# Brat-Monkey



## Laurelin (Nov 2, 2006)

My agility instructor has started calling Mia Brat-Monkey. lol

See? It's not just me. 

She is progressing along but we're still having impulse control issues. 3rd week of class and she broke a stay and did all the obstacles in front of her. (A frame, hoop, jump jump, table) The jumps were set to standard poodle height and she still did them. She's never seen anything linked together either and yet she still did them all. 
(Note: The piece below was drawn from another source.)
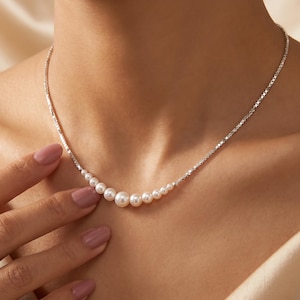 Halsband med 925 silverpärlor | Minimalistisk koreansk fransk vintage nyckelbenskedja | Smycken med vita pärlor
Soooo.... second half the class the other two dogs continued on with actual agility training while me, Mia, and the trainer sat and worked on 'sit' and 'stay'. We can't really continue on until her sit and stay are better in distracting environments. Her attention span is literally about 3 seconds long...

My instructor said the smartest dogs are typically the hardest to train and that she can tell Mia is one of those dogs looking for loopholes in everything. I love my Brat but sometimes she's a bit much. When she's on though, oh my gosh is she ON. If I can get up to par in my handling skills, Mia is going to rock. But sometimes I feel very out of my league with her to be honest.


----------



## Finkie_Mom (Mar 2, 2010)

OMG I think we're living the same life... Kimma was a NIGHTMARE tonight (going to make a ranting post about it in a minute...).

It's like the girl has never heard the word "wait" before! Ugh... But we get the dogs we get for a reason, right??

...Right??? LOL

Things will get better (at least that's what I keep telling myself!!!). 

If anyone can work it with Mia, you can. Keep it positive!!!


----------



## agility collie mom (Jan 26, 2008)

I have one of those too. Savannah can be a handful in class. You can just see the cogs turning. At times she just does it to make people laugh. My instructor calls her a "booger" sometimes. I like Brat-Monkey a lot better!


----------